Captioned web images
___

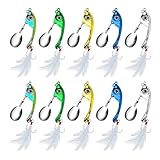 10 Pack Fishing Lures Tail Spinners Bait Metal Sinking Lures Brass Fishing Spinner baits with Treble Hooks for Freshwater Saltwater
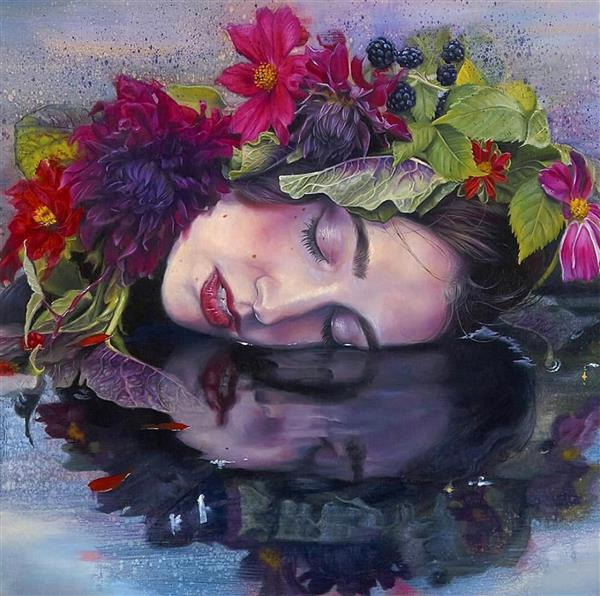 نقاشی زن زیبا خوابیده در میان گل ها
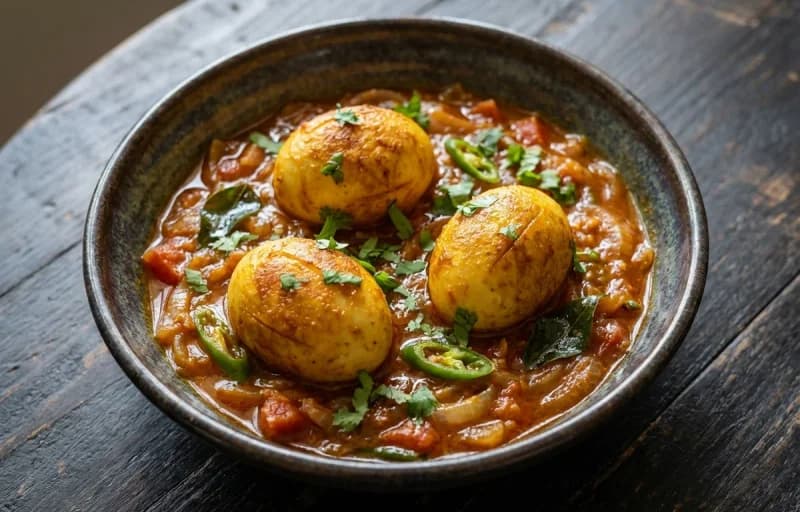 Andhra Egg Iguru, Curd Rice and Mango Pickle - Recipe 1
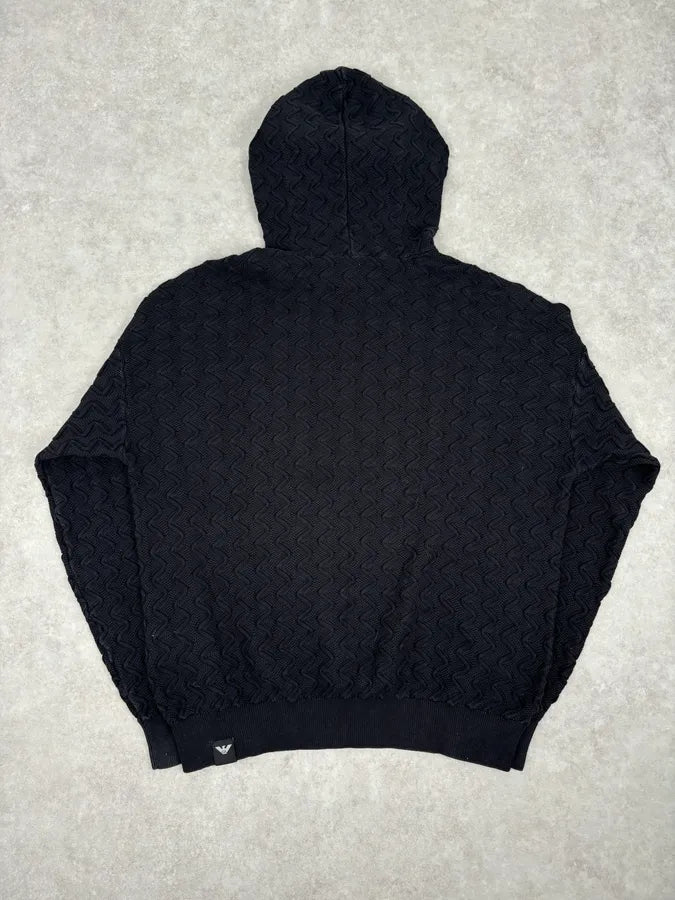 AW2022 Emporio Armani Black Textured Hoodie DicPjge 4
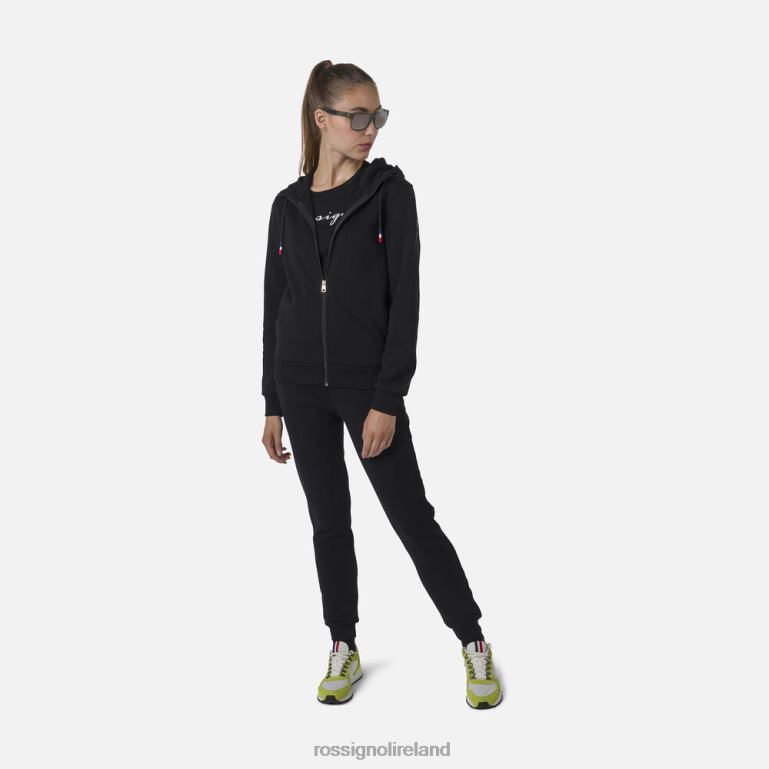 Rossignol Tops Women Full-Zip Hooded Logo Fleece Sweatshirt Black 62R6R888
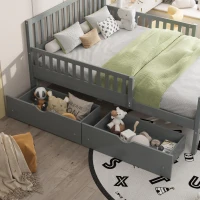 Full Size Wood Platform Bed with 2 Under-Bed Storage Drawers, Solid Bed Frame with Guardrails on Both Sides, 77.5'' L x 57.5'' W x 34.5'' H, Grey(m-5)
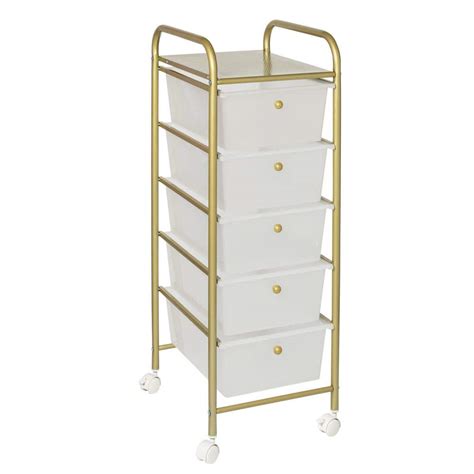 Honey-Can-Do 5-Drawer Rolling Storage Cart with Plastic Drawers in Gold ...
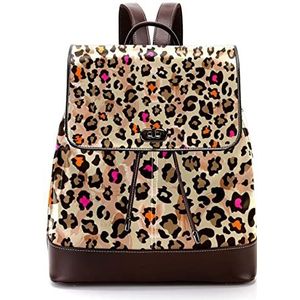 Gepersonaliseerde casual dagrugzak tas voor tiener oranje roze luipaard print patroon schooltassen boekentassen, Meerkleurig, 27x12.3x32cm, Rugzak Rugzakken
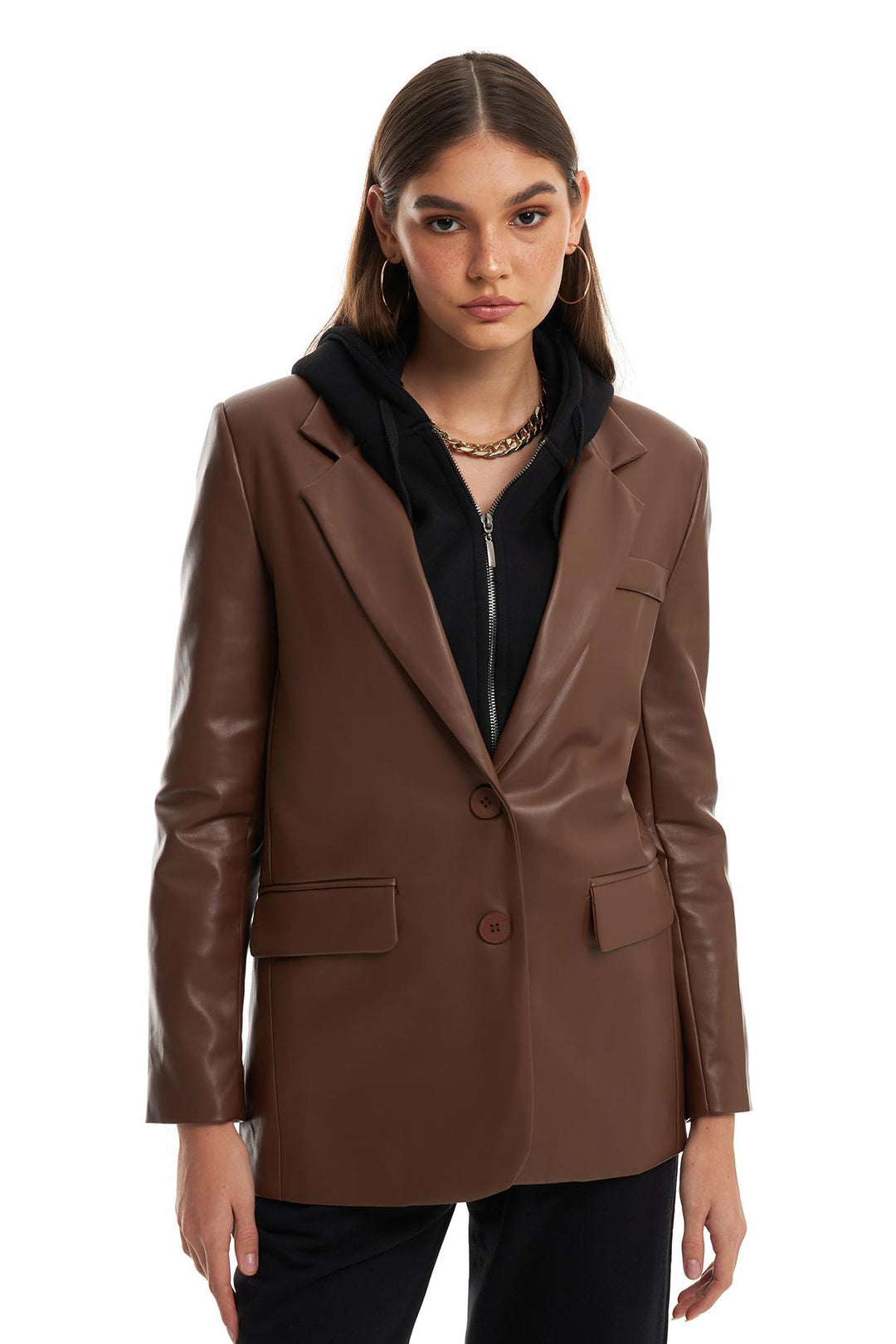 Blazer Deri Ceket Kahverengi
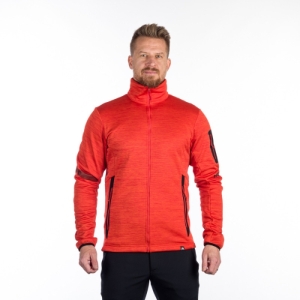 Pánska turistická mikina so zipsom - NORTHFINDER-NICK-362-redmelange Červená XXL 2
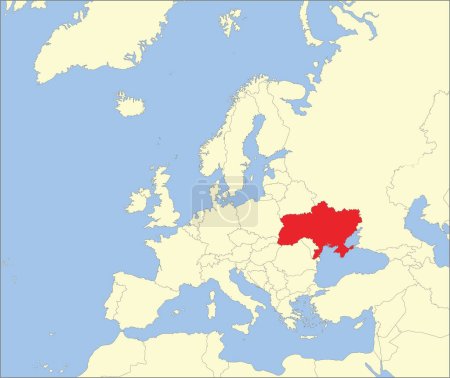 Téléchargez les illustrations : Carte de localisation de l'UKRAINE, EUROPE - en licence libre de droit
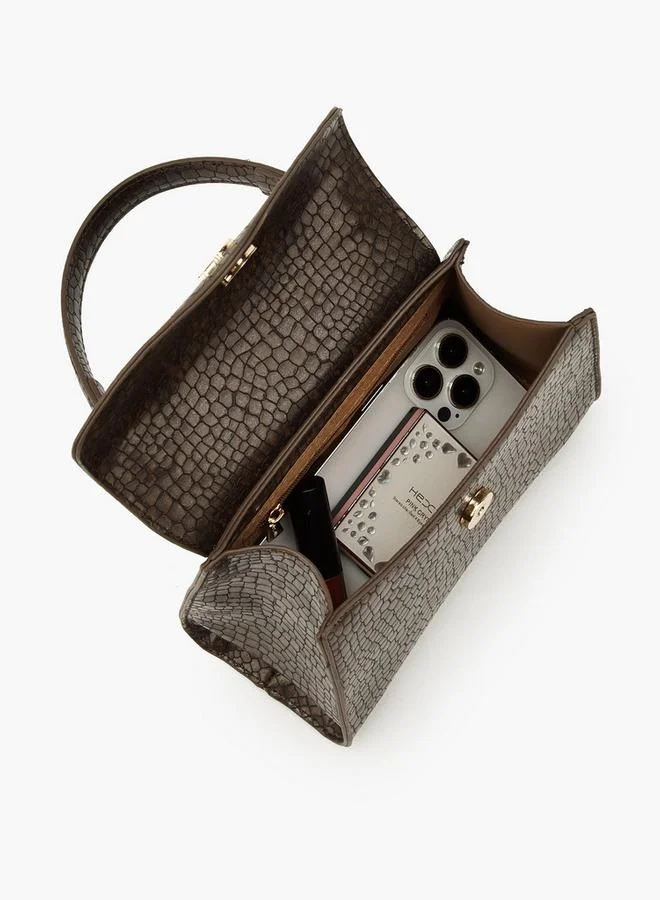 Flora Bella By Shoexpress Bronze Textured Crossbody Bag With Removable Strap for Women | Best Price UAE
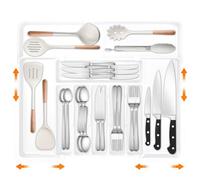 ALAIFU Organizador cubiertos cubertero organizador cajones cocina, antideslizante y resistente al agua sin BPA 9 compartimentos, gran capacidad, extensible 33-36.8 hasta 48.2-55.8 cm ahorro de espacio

___

What is required
Pictures should not appear in the copy. Write out exactly the lines above from the first one through the line that contains "Téléchargez les illustrations".

Answer space
 10 Pack Fishing Lures Tail Spinners Bait Metal Sinking Lures Brass Fishing Spinner baits with Treble Hooks for Freshwater Saltwater
 نقاشی زن زیبا خوابیده در میان گل ها
 Andhra Egg Iguru, Curd Rice and Mango Pickle - Recipe 1
 AW2022 Emporio Armani Black Textured Hoodie DicPjge 4
 Rossignol Tops Women Full-Zip Hooded Logo Fleece Sweatshirt Black 62R6R888
 Full Size Wood Platform Bed with 2 Under-Bed Storage Drawers, Solid Bed Frame with Guardrails on Both Sides, 77.5'' L x 57.5'' W x 34.5'' H, Grey(m-5)
 Honey-Can-Do 5-Drawer Rolling Storage Cart with Plastic Drawers in Gold ...
 Gepersonaliseerde casual dagrugzak tas voor tiener oranje roze luipaard print patroon schooltassen boekentassen, Meerkleurig, 27x12.3x32cm, Rugzak Rugzakken
 Blazer Deri Ceket Kahverengi
 Pánska turistická mikina so zipsom - NORTHFINDER-NICK-362-redmelange Červená XXL 2
 Téléchargez les illustrations : Carte de localisation de l'UKRAINE, EUROPE - en licence libre de droit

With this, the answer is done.